JPH04291924A - Manufacture of semiconductor device - Google Patents

Abstract

PURPOSE:To prevent an electrode layer on the upper side from being overlapped with a stepped part at its lowr part, and a protruding part from being produced in the longitudinal direction and to improve the coverage of an interconnection by a method wherein, when an upper electrode layer and a lower electrode layer which sandwich an insulating film is aligned with each other in the transverse direction, the portion of the film thickness of at least the insulating film is added to an alignment margin. CONSTITUTION:A semiconductor device provided with a multilayer interconnection structure in which a plurality of electrode layers 2 to 5 and insulating films 6 to 10 have been arranged alternately is manufactured. At this time, the upper and lower electrode layers 3, 4 sandwiching the insulating film 7 are aligned with each other in the transverse direction. At this time, they are aligned by adding the portion of the film thickness (d) of at least the insulating film 7 to an alignment margin between the upper and lower electrodes. For example, at the multilayer interconnection structure of an SRAM, an insulating film 7 is formed of SiO2 on a second-layer polysilicon layer 3 in a film thickness of 100nm by a CVD method. At this time, when the alignment margin of a stepper is at 0.2mum, the alignment of a third-layer polysilicon layer 4 is performed at a margin alpha of 0.1+0.2=0.3mum.

Description

[Detailed description of the invention]

0001

BACKGROUND OF THE INVENTION 1. Field of the Invention The present invention relates to a method of manufacturing a semiconductor device. Specifically, the present invention relates to a method of positioning between electrode layers in a wiring process of a semiconductor device having a multilayer wiring structure in which an interlayer insulating film and an electrode layer have a multilayer structure.

0002

2. Description of the Related Art Multilayer wiring process technology is an effective technology for creating multiple layers of wiring in an integrated circuit, providing flexibility in connection between elements formed on a substrate, and increasing density. However, since many layers are laminated, the surface of the layer becomes uneven, and the problem of poor step coverage at the step of the metal wiring is likely to occur.

[0003] An explanation will be given below, taking SRAM (static random access memory) as an example.

FIG. 2 is a circuit diagram of a unit memory cell of an SRAM. This SRAM has four transistors T1, T
2, T3, T4 and two high resistances R1, R2. Transistors T3 and T4 each have a load resistance R
1 and R2 in series, and are cross-wired. Each interconnection point is connected to the bit line BL via transistors T1 and T2, which act as transfer gates.
a and BLb. Note that in this specification, the bit lines BLa and BLb correspond to what is normally called the bit lines BL and BL bar. Further, the gates of these transistors T1 and T2 are connected to the word line WL.

Considering the transistor T2, one current terminal region (source S) is connected to the bit line BLb, and the other current terminal region (drain D) is connected to the resistor R2, the gate of the transistor T3, and the transistor T2. T4
connected to the drain of

FIG. 3 shows an example of a cross-sectional structure of one transfer gate transistor T2 of an SRAM manufactured using a conventional multilayer interconnection process.

The multilayer wiring structure of this SRAM consists of a first polysilicon layer 2, a second polysilicon layer 3, and a third polysilicon layer forming polycide wiring and polycide gates on a p-type Si substrate 1. Each electrode layer of the second polysilicon layer 4 and the fourth polysilicon layer 5, and insulating films 6, 7, made of SiO2 alternately formed between these polysilicon layers.
8, an insulating film 9 thereon, and Si doped with boron and phosphorus.
It has a laminated structure with a BPSG layer 10 made of O2. Note that the polysilicon of the electrode layer is doped with impurities and becomes conductive.

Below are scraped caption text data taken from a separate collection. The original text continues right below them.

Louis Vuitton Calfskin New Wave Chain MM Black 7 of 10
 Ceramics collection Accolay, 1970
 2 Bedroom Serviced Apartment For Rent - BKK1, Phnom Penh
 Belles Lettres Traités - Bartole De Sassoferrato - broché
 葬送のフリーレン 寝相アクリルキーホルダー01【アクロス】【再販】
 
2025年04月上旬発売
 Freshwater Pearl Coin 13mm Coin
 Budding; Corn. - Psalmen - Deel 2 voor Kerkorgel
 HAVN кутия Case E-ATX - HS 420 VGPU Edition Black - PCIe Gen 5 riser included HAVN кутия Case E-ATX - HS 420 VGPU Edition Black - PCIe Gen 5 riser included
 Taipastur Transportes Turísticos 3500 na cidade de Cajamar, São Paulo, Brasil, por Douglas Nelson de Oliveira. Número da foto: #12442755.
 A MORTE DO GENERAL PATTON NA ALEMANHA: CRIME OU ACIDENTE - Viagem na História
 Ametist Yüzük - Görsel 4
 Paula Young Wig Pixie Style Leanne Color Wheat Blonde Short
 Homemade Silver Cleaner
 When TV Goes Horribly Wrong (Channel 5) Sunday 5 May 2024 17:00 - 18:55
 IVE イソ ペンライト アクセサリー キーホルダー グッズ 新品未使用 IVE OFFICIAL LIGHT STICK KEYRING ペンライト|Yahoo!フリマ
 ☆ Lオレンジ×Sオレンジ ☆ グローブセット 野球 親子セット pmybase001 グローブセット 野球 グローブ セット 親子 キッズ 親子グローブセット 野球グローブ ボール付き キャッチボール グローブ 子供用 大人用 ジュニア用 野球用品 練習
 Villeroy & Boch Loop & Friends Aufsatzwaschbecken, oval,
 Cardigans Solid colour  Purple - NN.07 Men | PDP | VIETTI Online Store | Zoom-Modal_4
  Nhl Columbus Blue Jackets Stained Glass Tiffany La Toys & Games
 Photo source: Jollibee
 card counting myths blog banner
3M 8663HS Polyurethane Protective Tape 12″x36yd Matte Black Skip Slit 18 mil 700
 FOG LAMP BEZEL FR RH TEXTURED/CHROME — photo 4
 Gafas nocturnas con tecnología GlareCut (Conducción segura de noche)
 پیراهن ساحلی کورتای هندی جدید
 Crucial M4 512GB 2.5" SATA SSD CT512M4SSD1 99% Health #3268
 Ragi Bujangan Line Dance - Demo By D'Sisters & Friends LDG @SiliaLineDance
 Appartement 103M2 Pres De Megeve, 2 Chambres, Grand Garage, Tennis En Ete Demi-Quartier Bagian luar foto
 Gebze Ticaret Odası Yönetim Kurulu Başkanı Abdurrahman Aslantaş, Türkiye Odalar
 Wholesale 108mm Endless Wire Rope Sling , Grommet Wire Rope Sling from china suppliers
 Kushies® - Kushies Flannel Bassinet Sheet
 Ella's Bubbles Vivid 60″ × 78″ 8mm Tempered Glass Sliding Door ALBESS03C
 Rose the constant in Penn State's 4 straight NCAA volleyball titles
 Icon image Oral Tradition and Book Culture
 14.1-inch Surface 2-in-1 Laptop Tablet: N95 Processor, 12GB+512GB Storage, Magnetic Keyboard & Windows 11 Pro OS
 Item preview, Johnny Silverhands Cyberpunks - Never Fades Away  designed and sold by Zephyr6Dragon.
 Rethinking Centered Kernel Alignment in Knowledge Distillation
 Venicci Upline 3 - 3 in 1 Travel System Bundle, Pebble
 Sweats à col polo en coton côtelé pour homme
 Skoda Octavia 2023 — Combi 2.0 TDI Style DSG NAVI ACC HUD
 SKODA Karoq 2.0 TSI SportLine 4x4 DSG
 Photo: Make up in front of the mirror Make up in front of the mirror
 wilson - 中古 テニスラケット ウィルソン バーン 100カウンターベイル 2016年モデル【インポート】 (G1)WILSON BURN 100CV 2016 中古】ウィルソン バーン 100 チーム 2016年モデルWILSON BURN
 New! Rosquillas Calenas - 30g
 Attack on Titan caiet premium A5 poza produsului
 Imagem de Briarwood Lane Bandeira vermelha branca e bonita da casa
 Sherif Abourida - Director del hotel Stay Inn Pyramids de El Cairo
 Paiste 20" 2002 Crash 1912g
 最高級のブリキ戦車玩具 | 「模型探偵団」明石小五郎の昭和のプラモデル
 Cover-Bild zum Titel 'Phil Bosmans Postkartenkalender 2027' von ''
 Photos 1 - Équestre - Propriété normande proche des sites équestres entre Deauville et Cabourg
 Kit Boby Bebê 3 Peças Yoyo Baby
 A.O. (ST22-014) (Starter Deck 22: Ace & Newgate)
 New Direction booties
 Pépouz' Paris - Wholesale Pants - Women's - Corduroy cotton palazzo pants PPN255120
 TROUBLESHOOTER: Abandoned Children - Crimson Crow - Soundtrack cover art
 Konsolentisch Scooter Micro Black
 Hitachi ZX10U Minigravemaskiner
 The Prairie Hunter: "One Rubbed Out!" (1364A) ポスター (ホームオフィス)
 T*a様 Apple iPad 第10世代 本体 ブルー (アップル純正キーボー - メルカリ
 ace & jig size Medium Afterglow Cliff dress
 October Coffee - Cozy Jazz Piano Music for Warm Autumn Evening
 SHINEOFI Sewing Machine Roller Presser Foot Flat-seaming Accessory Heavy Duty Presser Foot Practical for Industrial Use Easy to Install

However, the fourth polysilicon layer is selectively doped with a small amount of impurities and has a high resistivity region. On the p-type substrate 1, there are n+-type semiconductor regions 11,1 which become the drain region and source region of the MOS transistor T2.
2 is formed. Note that portions A and B respectively surrounded by broken lines in FIG. 3 correspond to the connection portions of the source and drain of the transistor T2 in the circuit diagram of FIG.

When patterning the first polysilicon layer 2 (polycide), the word line WL, which is the address line in the circuit diagram of FIG.
Gate electrode layers 2, T3, and T4 are formed at one time. When patterning the second polysilicon layer 3, the power supply VSS line, the bit line BL which is the data line
A polysilicon layer, etc. for raising the surface formed under BLb and BLb are also formed together. When patterning the third polysilicon layer 4, a power supply VCC line, lead lines from the gates of transistors T3 and T4, etc. are formed. When the fourth polysilicon layer 5 is patterned, resistors R1, R2, etc. are formed at the same time. Al wiring is further provided on the polysilicon layer. In order to connect and wire these multilayer electrode layers, the insulating film between the electrode layers is opened and contact holes are formed at predetermined locations.
After performing a pretreatment to remove the native oxide film inside the contact hole, an upper wiring layer, for example, an Al wiring, is formed by sputtering.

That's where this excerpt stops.